The fallout of the Royal Bank of Scotland going from the world's largest company by assets (£1.9 trillion) and fifth-largest bank by stock market value to government nationalisation – and the subsequent spin-off of RBS Insurance as the FTSE 100 listed Direct Line Group is a story for another day. Although Crawford reflects on an interesting incident in 2008 when Zurich was mulling a bid for the RBSI assets.
“I remember sitting across the table from [the then managing director, UK direct and partnerships] Mike Quinton, [then CEO of European general insurance] Annette Court and a few others such as Ian Parker [then head of strategy, European general insurance] who had all gone to Zurich [from RBSI]. That rates as one of the most bizarre due diligence meetings in the history of insurance because we went to Goldman Sach’s office up by St Paul’s and we were sitting across the table from these people who were ex-Churchill and Direct Line asking us questions about our business that they already knew the answers to.”
But there is an interesting discussion to be had about what might have happened to Churchill had it continued to trade independently of RBS and Direct Line, especially given the work it was doing on ‘Project New World’.
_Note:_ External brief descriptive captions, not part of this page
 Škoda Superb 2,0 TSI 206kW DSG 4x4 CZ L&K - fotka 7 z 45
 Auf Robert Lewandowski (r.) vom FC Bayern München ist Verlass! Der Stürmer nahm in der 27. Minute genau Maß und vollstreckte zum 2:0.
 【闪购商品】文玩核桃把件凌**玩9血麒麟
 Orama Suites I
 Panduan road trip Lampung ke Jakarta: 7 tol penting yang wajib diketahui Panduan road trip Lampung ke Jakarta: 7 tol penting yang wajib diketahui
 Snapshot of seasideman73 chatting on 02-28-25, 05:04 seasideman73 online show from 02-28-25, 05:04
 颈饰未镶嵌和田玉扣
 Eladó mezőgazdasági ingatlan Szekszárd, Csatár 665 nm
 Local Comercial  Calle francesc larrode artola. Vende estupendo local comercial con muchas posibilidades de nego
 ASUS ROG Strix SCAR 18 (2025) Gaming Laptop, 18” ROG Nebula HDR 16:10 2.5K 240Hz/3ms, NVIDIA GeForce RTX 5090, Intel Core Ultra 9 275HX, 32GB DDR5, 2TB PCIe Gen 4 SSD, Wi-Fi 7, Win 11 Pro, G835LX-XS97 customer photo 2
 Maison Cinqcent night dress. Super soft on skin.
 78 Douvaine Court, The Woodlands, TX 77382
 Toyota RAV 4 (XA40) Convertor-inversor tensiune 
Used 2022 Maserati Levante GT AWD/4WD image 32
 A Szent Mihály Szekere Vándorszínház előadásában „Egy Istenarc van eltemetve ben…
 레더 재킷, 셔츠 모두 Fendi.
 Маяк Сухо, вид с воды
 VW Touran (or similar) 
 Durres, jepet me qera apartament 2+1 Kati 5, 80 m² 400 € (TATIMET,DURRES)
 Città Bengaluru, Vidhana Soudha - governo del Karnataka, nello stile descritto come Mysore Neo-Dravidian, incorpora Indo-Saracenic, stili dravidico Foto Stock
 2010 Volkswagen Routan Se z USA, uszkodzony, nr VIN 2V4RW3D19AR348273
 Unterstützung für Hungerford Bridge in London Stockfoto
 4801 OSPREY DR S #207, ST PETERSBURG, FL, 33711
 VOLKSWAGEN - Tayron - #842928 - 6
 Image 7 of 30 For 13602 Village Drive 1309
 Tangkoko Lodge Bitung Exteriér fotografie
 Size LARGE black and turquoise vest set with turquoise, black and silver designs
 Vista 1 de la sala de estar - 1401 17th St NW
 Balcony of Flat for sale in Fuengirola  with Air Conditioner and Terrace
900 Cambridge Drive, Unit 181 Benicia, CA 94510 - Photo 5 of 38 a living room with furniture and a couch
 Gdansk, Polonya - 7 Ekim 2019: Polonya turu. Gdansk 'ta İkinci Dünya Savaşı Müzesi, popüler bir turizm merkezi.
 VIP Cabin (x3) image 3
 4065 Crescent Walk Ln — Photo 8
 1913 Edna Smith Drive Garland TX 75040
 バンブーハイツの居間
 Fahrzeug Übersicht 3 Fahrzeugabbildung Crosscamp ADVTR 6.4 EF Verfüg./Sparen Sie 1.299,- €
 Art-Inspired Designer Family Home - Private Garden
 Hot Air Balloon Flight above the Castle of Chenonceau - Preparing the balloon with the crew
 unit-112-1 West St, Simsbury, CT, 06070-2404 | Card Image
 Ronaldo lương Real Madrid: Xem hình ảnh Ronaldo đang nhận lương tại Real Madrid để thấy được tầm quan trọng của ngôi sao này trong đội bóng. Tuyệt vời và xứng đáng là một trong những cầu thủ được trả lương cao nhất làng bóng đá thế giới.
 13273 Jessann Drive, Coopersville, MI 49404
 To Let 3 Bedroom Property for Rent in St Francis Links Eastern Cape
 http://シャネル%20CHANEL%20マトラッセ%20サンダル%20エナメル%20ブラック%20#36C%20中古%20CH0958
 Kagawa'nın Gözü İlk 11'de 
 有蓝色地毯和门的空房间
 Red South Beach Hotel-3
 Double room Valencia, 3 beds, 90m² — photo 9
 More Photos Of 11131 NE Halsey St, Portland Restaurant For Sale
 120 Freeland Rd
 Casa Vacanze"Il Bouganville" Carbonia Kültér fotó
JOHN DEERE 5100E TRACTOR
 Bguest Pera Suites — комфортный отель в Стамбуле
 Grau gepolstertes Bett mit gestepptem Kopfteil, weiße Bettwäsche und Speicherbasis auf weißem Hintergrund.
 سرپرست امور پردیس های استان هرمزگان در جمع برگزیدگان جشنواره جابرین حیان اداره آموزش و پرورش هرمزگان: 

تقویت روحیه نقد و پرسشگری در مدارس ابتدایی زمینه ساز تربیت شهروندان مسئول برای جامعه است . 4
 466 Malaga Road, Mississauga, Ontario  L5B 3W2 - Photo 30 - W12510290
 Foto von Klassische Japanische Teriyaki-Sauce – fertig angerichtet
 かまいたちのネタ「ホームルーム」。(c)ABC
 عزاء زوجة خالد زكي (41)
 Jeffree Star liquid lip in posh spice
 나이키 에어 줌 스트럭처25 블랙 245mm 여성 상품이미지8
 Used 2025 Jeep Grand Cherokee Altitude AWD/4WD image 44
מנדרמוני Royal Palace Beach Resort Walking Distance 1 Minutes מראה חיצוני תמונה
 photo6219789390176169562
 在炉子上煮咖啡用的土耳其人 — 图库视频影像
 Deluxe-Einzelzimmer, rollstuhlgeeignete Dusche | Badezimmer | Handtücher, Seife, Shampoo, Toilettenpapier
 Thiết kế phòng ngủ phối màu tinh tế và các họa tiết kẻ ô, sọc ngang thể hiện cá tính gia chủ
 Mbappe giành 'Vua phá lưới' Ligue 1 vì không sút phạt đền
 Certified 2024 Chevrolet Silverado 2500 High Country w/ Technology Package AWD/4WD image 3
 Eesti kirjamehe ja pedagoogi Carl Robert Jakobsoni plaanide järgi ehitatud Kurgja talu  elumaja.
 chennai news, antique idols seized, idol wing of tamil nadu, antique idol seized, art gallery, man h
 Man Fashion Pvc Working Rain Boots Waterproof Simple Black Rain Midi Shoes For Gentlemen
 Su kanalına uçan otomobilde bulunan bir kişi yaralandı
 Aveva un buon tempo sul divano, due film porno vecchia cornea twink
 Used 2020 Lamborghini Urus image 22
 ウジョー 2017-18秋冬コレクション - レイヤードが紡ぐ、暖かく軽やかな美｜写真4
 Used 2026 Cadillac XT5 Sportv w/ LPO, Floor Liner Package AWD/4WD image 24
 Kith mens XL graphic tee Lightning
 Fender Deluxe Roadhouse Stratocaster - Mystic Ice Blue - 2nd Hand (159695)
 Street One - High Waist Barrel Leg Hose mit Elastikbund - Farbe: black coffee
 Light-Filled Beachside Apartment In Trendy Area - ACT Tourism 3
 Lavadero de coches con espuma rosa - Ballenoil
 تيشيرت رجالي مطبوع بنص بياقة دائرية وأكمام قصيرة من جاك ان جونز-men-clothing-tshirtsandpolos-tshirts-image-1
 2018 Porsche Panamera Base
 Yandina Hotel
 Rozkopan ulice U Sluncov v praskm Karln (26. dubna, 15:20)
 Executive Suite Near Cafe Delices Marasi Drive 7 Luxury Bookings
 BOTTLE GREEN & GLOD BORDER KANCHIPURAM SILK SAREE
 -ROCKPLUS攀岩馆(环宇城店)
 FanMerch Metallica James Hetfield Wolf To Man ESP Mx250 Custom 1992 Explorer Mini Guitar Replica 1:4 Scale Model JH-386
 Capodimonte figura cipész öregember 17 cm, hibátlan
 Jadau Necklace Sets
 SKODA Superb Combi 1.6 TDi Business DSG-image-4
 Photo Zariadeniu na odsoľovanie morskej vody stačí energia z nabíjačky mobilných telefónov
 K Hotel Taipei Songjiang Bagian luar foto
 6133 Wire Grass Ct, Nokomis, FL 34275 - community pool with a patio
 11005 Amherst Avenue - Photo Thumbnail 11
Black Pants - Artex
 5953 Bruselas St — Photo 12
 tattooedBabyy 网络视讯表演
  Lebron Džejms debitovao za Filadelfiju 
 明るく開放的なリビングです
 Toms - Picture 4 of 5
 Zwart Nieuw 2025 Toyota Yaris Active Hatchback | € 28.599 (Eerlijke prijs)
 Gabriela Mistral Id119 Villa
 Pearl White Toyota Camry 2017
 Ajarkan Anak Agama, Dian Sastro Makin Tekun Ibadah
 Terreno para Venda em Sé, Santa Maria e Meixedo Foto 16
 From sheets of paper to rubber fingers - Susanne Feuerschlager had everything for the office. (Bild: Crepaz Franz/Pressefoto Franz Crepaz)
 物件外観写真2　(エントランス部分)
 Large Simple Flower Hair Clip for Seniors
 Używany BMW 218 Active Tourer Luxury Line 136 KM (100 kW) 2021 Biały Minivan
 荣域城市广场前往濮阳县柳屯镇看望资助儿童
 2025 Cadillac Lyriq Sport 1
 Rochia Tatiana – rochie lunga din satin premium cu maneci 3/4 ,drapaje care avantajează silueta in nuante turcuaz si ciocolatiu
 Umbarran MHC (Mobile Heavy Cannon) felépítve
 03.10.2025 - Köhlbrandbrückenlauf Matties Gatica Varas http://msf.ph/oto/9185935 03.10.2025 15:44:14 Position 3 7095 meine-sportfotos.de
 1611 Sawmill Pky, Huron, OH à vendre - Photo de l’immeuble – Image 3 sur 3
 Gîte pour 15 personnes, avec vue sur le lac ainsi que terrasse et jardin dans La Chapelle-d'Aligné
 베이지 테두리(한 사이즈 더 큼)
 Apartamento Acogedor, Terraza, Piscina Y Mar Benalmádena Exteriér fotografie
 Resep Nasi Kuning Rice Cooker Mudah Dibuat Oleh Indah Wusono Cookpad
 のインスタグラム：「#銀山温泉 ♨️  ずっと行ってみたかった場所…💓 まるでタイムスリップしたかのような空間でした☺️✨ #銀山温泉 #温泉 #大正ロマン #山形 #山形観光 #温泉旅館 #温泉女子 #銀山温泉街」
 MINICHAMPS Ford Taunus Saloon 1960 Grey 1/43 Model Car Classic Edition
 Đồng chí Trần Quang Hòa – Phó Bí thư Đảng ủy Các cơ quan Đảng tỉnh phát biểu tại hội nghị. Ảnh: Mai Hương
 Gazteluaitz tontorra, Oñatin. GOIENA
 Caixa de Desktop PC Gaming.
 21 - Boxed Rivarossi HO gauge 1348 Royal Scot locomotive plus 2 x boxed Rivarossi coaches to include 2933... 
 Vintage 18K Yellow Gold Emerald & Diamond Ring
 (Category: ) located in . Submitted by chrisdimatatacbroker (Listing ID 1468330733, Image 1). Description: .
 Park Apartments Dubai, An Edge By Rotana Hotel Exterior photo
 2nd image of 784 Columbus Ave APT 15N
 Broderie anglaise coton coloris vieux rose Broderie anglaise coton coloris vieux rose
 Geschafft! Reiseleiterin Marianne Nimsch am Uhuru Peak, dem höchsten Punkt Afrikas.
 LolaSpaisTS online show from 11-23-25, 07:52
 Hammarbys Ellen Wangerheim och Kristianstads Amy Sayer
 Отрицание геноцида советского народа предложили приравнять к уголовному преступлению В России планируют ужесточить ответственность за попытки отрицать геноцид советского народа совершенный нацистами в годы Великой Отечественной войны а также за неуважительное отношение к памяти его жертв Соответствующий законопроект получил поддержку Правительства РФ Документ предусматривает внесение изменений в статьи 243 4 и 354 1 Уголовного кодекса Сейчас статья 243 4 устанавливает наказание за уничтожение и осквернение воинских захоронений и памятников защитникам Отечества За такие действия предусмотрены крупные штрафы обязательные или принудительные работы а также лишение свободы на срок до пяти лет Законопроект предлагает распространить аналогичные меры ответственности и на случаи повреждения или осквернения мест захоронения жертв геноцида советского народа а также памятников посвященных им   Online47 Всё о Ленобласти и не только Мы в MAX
“Churchill was on the cusp of being the first [mainstream] insurer to do a price comparison site and it was one of the real negatives of the deal that all of that was cancelled. We would have probably been the first scale aggregator,” Crawford comments.
“Our systems, like Direct Line’s, weren’t good enough for modern internet transactions, they were only good for batch based updates. You could transact through the internet but not to the degree you needed too and we recognised we needed to update and upgrade them.
“[Before the Direct Line deal] We were about two weeks from going live with our first product, household, with a system that allowed you too, like an aggregator [or quasi broker], quote for risks and place it with Churchill, or a panel underwriter. Essentially it was similar to what Admiral or Hastings have done since.” Post-merger Project New World was canned.
Reflecting on what was – and what could have been – Long says that Credit Suisse ultimately gave him the final say over whether the bank accepted the RBS deal or not, adding: “As it ended up [RBS] were paying £500m above NAV and I said as far as I was concerned my job was to create value, and we have done that.
“[But had it not happened and] working out our plans and those of Direct Line, I believe we would have been bigger than them by [the end of] 2004. And profitable.
“We were spending a lot of money on new computer systems and looking to challenge the status quo. One of my ideas was that if we did not pay a claim in x amount of days, we would give the customer all their premium back.
“The claims guys were in horror at that, but I said why should we not do that; if their car is smashed up why would we not repair it within a fortnight? What is your problem? And, of course, that dynamic forces everyone’s thinking.
“But instead of that, when RBS took over Churchill it preferred the Direct Line IT infrastructure that I helped spec out in 1984. It stopped all our development which meant we were on 20-plus-year -old systems. That sort of thinking went on [post-merger].”
Tracing the legacy
Since then, you could find former Churchill and Direct Line employees working at insurers or all shapes and sizes, with a number of significant direct players able to trace their legacy to founders brought up through the Bromley or Croydon schools of insurance, not least Admiral [former Churchill marketing director Henry Engelhardt], LV [Messrs O’Roarke, Bunker, ex-Direct Line group finance director Steve Castle, Churchill group company secretary Paul Cassidy and Churchill executive director Peter Horton] and Swiftcover [Blowers, Churchill finance director Steve Castle and Churchill head of marketing Tina Shortle].
As to Peter Wood and Martin Long they have very much taken different paths since leaving Direct Line and Churchill respectively.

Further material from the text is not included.